- EXERCISE DETAILS:
Please output exactly the lines from the one containing "Rio Lobo (1970)" through the end of the records below, leaving out any pictures.
(DATA PROVIDED)
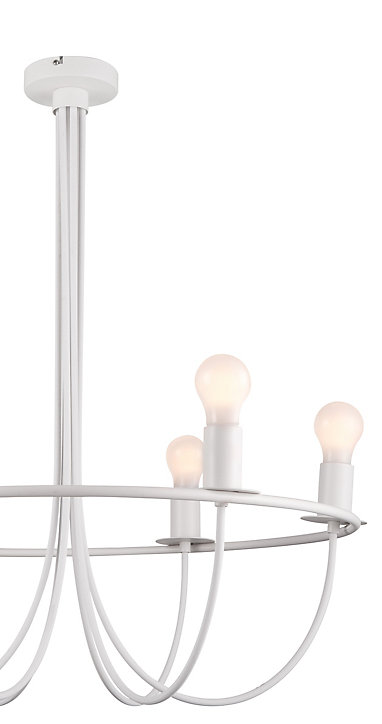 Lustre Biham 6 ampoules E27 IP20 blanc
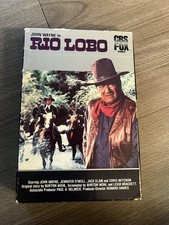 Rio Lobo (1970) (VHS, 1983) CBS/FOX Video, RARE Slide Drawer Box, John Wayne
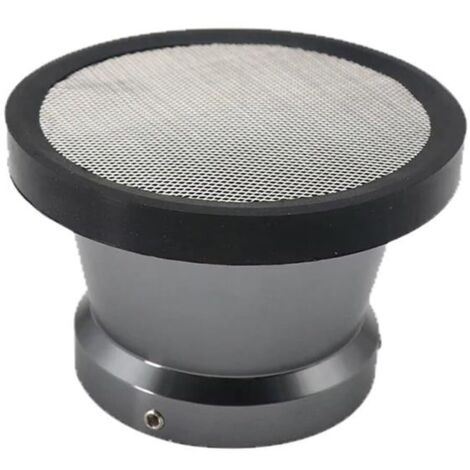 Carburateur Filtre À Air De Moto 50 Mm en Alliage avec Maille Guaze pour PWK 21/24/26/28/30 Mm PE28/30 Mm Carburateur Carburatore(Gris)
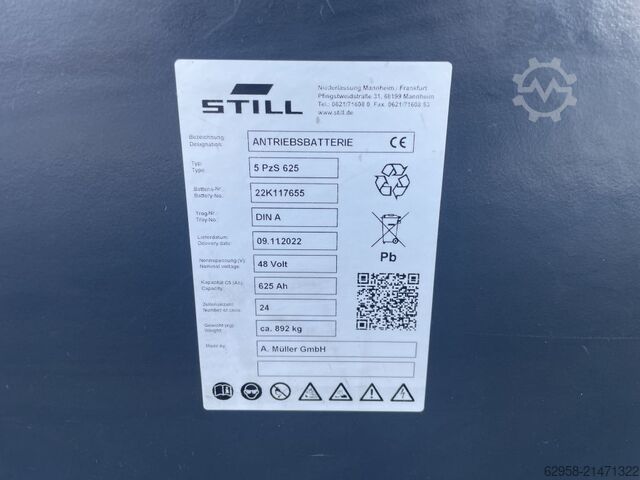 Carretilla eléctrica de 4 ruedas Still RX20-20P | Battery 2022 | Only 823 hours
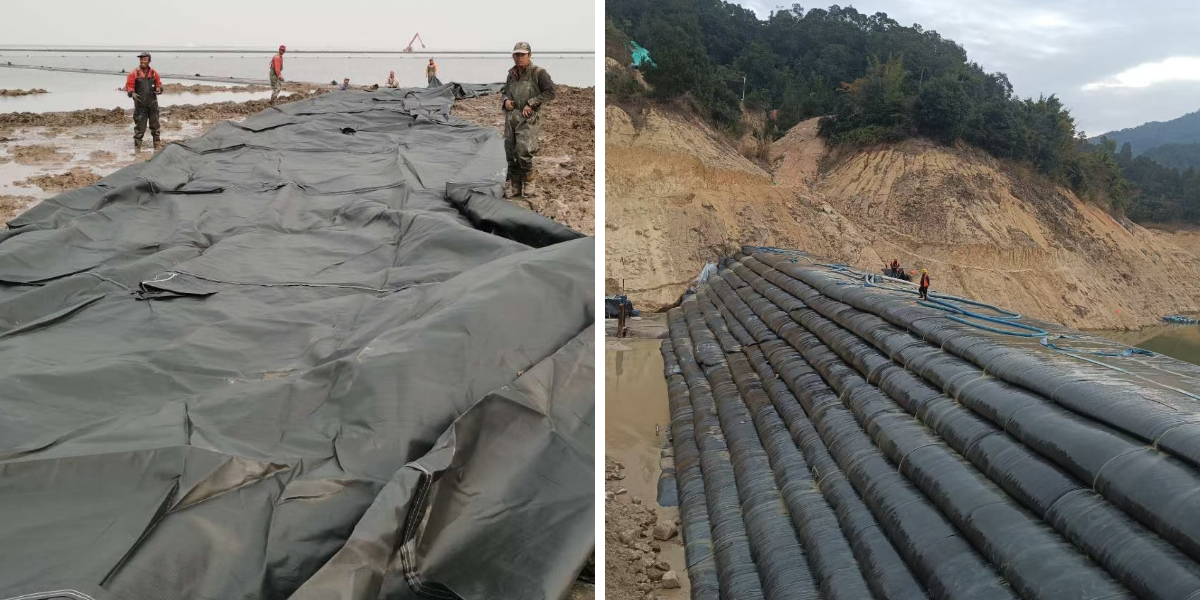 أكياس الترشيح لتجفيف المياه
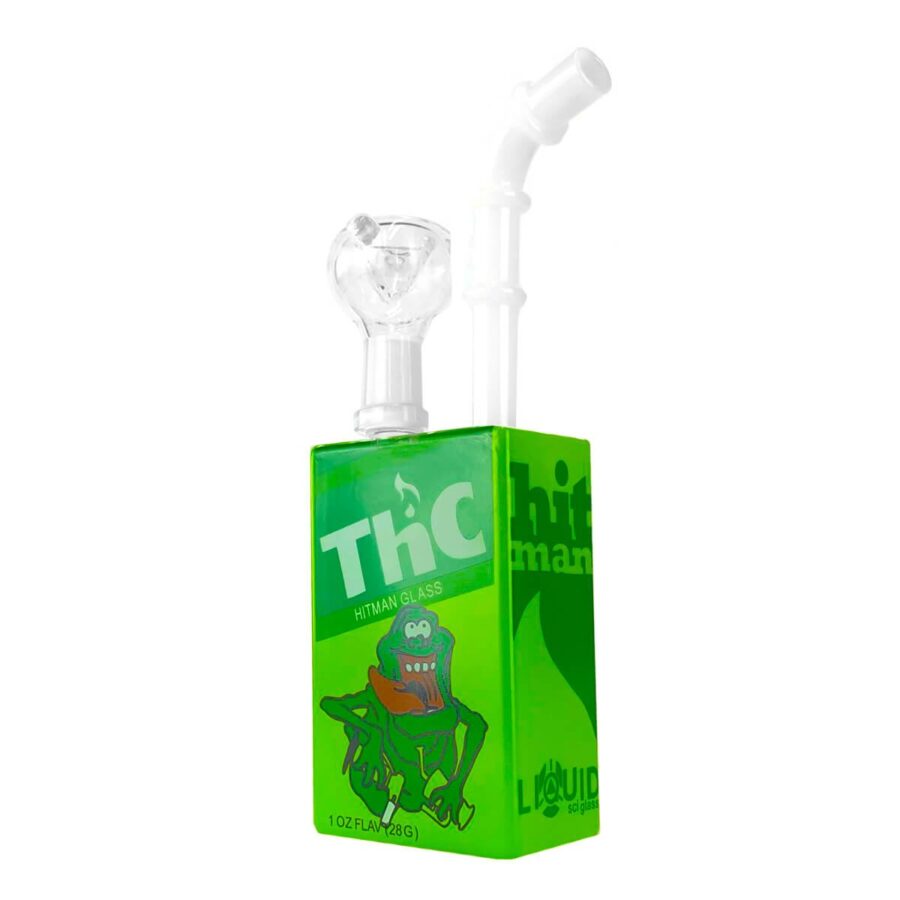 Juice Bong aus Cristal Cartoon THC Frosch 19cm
(End DATA PROVIDED)
- TASK SOLUTION:
 Rio Lobo (1970) (VHS, 1983) CBS/FOX Video, RARE Slide Drawer Box, John Wayne
 Carburateur Filtre À Air De Moto 50 Mm en Alliage avec Maille Guaze pour PWK 21/24/26/28/30 Mm PE28/30 Mm Carburateur Carburatore(Gris)
 Carretilla eléctrica de 4 ruedas Still RX20-20P | Battery 2022 | Only 823 hours
 أكياس الترشيح لتجفيف المياه
 Juice Bong aus Cristal Cartoon THC Frosch 19cm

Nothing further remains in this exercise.